Quantisation and nilpotent limits of Mishchenko-Fomenko subalgebras

TL;DR

This paper investigates the structure and quantisation of Mishchenko-Fomenko subalgebras in simple Lie algebras, proving conjectures for classical types and explicitly constructing generators, including in nilpotent limits.

Contribution

It proves the Feigin-Frenkel-Toledano Laredo conjecture for types C and A, constructs explicit generators, and explores nilpotent limits of these subalgebras.

Findings

Proved the conjecture for type C and provided a new proof for type A.

Constructed explicit generators for the subalgebras.

Produced generators for nilpotent limits and solved Vinberg's problem in these cases.

Abstract

For any simple Lie algebra $\mathfrak{g}$ and an element $\mu\in\mathfrak{g}^*$, the corresponding commutative subalgebra $\mathcal{A}_{\mu}$ of $\mathcal{U}(\mathfrak{g})$ is defined as a homomorphic image of the Feigin-Frenkel centre associated with $\mathfrak{g}$. It is known that when $\mu$ is regular this subalgebra solves Vinberg's quantisation problem, as the graded image of $\mathcal{A}_{\mu}$ coincides with the Mishchenko-Fomenko subalgebra $\overline{\mathcal{A}}_{\mu}$ of $\mathcal{S}(\mathfrak{g})$. By a conjecture of Feigin, Frenkel and Toledano Laredo, this property extends to an arbitrary element $\mu$. We give sufficient conditions which imply the property for certain choices of $\mu$. In particular, this proves the conjecture in type C and gives a new proof in type A. We show that the algebra $\mathcal{A}_{\mu}$ is free in both cases and produce its generators in an explicit form.
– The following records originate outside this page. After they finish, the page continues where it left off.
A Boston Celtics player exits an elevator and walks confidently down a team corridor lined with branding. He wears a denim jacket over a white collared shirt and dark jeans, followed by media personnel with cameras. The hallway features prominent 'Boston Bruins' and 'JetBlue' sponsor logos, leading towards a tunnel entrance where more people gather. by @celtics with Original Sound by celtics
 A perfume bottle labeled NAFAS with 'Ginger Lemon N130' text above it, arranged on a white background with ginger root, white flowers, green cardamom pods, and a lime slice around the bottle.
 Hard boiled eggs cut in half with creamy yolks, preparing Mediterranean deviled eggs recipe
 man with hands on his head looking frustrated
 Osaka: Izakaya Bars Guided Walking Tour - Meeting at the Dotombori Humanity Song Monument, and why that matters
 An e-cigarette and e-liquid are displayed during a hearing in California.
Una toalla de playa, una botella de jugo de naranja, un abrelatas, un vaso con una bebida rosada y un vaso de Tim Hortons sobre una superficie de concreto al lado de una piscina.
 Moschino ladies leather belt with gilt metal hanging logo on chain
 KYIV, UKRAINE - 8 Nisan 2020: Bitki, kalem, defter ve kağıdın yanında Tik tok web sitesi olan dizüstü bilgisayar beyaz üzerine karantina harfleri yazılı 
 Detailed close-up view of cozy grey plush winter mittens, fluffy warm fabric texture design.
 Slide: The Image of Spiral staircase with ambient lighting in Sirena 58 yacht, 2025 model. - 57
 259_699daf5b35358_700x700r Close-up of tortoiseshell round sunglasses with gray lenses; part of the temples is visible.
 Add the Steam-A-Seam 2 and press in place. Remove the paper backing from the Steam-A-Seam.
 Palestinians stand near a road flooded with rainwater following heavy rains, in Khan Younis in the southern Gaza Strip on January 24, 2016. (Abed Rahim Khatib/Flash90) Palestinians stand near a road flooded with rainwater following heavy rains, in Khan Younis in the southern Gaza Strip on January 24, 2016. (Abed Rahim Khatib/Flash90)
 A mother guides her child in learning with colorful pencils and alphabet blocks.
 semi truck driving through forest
Moreover, we prove that in all classical types generators of $\mathcal{A}_{\mu}$ can be obtained via the canonical symmetrisation map from certain generators of $\overline{\mathcal{A}}_{\mu}$. The symmetrisation map is also used to produce free generators of nilpotent limits of the algebras $\mathcal{A}_{\mu}$ and give a positive solution of Vinberg's problem for these limit subalgebras.